The Boom in blank check companies has turned into a bust. According to the WSJ, many blank check firms or SPACs, are down more 90% or more from their IPO price.

The SPAC boom took hundreds of risky companies to the stock market. The next stop for many is bankruptcy court.

Dozens of companies that merged with SPACs are running out of cash, joining at least 12 that have already gone bankrupt after combining with special-purpose acquisition companies.

More than 100 companies, including electric-scooter firm Bird Global Inc., smart-sock baby-monitor maker Owlet Inc., and electric-car startup Faraday Future Intelligent Electric Inc. are running out of cash, according to a Wall Street Journal analysis of the companies’ cash and cash flow from operations data disclosed in regulatory filings.

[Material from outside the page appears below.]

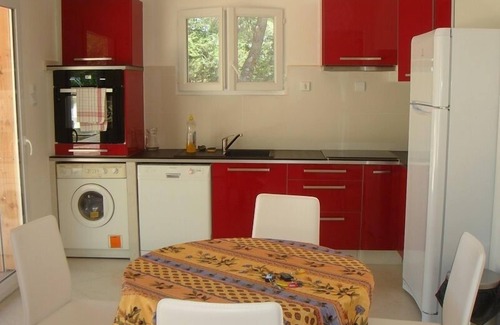Aix-en-Provence Cottage | LA PETITE MAISON SOUS LES PINS-PISCINE INTERIEURE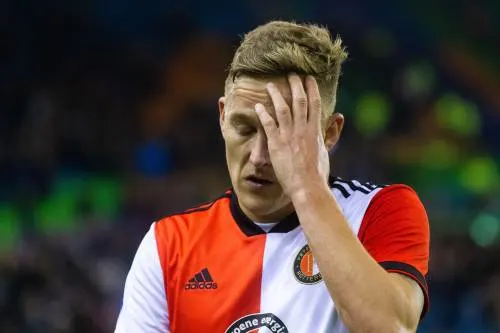 Van Bronckhorst: hadden onszelf moeten belonen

Shares of many of these companies trade under $1, more than 90% below where they did when they went public, and are in danger of being delisted. Those that have raised cash typically have done it on onerous terms. Bird extended its runway by merging with its Canadian partner.

Many of these businesses were worth billions when they hit the market and drew in small investors excited at the prospects of space tourism, cryptocurrencies and electric cars. Companies that went public this way have since collectively lost more than $100 billion in market value.

Richard Branson’s Virgin Orbit Holdings Inc. is the latest big name to go bankrupt. The satellite-launch startup was valued above $3 billion and backed by investors including Boeing Co. when it went public at the end of 2021.